The third motivator for the lack of empathy toward the asylum seekers is the myth that is often repeated by Israeli governments and guides their policy toward migrant workers, and that is that illegal migrants are "exploiting" Israel to gain better living standards than they would have back home. Asylum seekers are included in the group of illegal migrants, despite the fact that they cannot be deported (and illegal migrants are), because of the widely held belief and government proclamations that the asylum seekers aren't really political refugees but work migrants. According to this logic, Israel is stuck with the burden of the "fake refugees", unable to deport them lest it violates international law. Looking at the asylum seekers this way leads to the logical conclusion that these Africans are not hard-working people who are helping the Israeli economy, taking jobs that Israelis won't do, but leeches sucking up the public goods intended for the Israeli population alone.

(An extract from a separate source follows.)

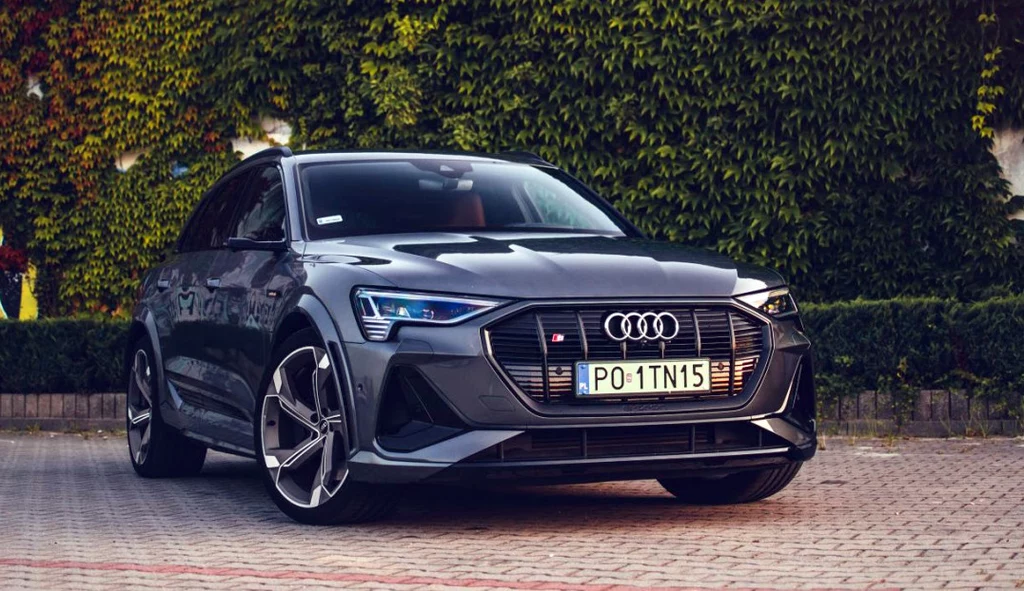 Audi e-tron S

Studies have shown that lack of empathy leads to racism, while the default state is empathy and racism is taught. The common ways of thinking that I've described transform the poor African asylum seeker, who would naturally evoke empathy, to be seen as a leech exploiting Israel and a threat. On the fertile ground of this lack of empathy and suspicion toward the asylum seeker, racism can flourish with the smallest incentive. The State of Israel provides such an incentive by not recognizing the asylum seekers as refugees and abandoning them to their own fate. The asylum seekers are granted permits to stay and work in Israel but are not supported by the state. They end up moving to poor urban areas where they can afford to pay rent and do whatever jobs they can get their hands on. The result is that Israelis who are primed to lack empathy toward the asylum seekers and see them as a threat, now encounter them and are forced to compete for the few jobs available in the area and the little resources the state offers them. The locals are unwilling to share their resources, due to their own poverty and lack of empathy toward the migrants. Why share with people who are threats, foreign and just not "us"?

Thus, the under-privileged Israelis protests against admitting children of migrants to their overpopulated and underfunded schools and correctly state that the willingness of the African asylum seekers to work for less than minimum wage deprives them of low-skilled jobs that once belonged to them. The migrants are blamed for stealing jobs, increasing crime and racist stereotypes abound - they are seen as thugs, drunkards, sex-maniacs, Muslim subversives, Christian interlopers, etc.

Labeling these under-privileged Israelis as racists may be correct, but it also absolves the state of its responsibility toward asylum seekers and lower-class Israelis. Labeling religious Jews as racists ignores the fact that most Israelis make the distinctions between people deserving of empathy and those who don't, and the migrants are on the wrong side of that divide. Labeling different groups as racists ignores how the government, the media, and general apathy and lack of empathy lay the foundations for the racism manifested toward the other in the Israeli society.

--------
Notes

[1] The prohibition on renting to migrants was based on the religious edict "lo techanem" with regards to gentiles (some limit it to pagans alone) which means both "do not have mercy on them" (as you should with a Jew) and "do not let them stay (park)" in the Land of Israel.


[2] A recent poll showed that 100% of ultra-orthodox, 85% of orthodox and 56% of moderately-religious Israeli Jews voiced opposition to granting citizenship to children of undocumented migrant workers, while the secular Israelis were much more likely to support this measure (43% of support).